We’ve heard over and over again that an author should write what they know. Well, dear hearts,when I wrote that scene in The Ladies’ Room about Trudy going to the bathroom during her great-aunt’s funeral and poking a hole in her support panty hose, it was written from absolute, bonafide experience.
When panty hose first came out, I wanted to kiss the ground the woman walked upon who had designed them. I know it was a woman because what they replaced had to have been designed by a man who knew nothing of cheesy thighs. If he had he wouldn’t have made a garter belt with those bumpy things to hold up stockings. You know what I’m talking about. Those hard plastic nubs that we had to sit on all day long. By the time I got home I from church or school you could bury a marble in the hole that thing had poked into the back of my leg.

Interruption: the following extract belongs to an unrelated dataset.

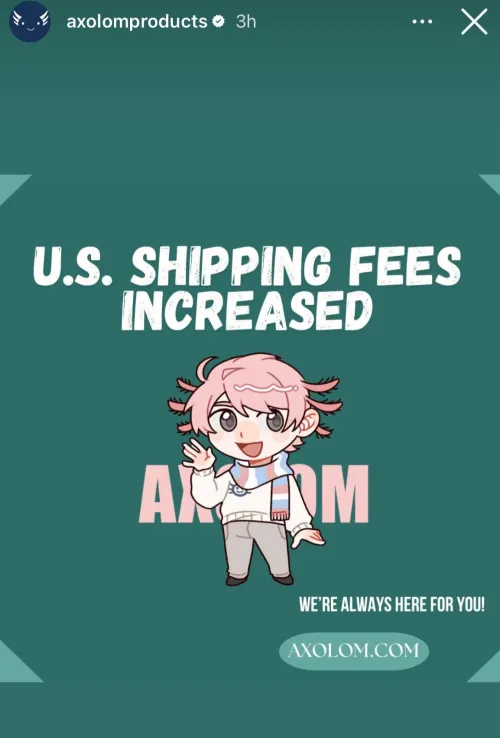Axolom adds shipping fee to US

We had a party the day I bought my first pair of panty hose. And then I found out the real truth! I didn’t have holes in the backs of my legs anymore but getting them on required a fork lift, two pairs of heavy duty pliers and a good friend who did not mind sweating. Getting the legs up over my toes, my calves, my knees and my cellulite thighs did not mean the job was finished. The seam that was supposed to go to the top of my legs stopped two inches down from crotch level and that thin tight elastic, the one that was supposed to rest comfortably on my waist, cut a groove across my tummy.
That’s when I found out they came in sizes and there was a chart on the back. When I ran my finger across the weight and height, I found a note in small print that read, “Go get your garter belt back out of the drawer.”

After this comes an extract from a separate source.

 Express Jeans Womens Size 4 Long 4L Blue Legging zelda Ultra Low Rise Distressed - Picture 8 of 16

Finally enough women marched on the plastic egg factory that they made a size for us folks who had healthy legs. Problem solved. I was back in that euphoric state where I was ready to share my gold plastic crown from Disney World with the woman who invented them.
Until the day I went to a funeral and had to scurry off to the bathroom in the middle of the eulogy. I jerked down the panty hose and my finger nail went through them, right there on the inside of my right thigh. No problem. These were the newest, best thing yet. They were made of that stuff used to build space ships, guaranteed to never run (I didn't even own a bottle of clear finger nail polish anymore). I could live with a hole in the leg as long as I didn't have an embarrassing run working its way down to my toes.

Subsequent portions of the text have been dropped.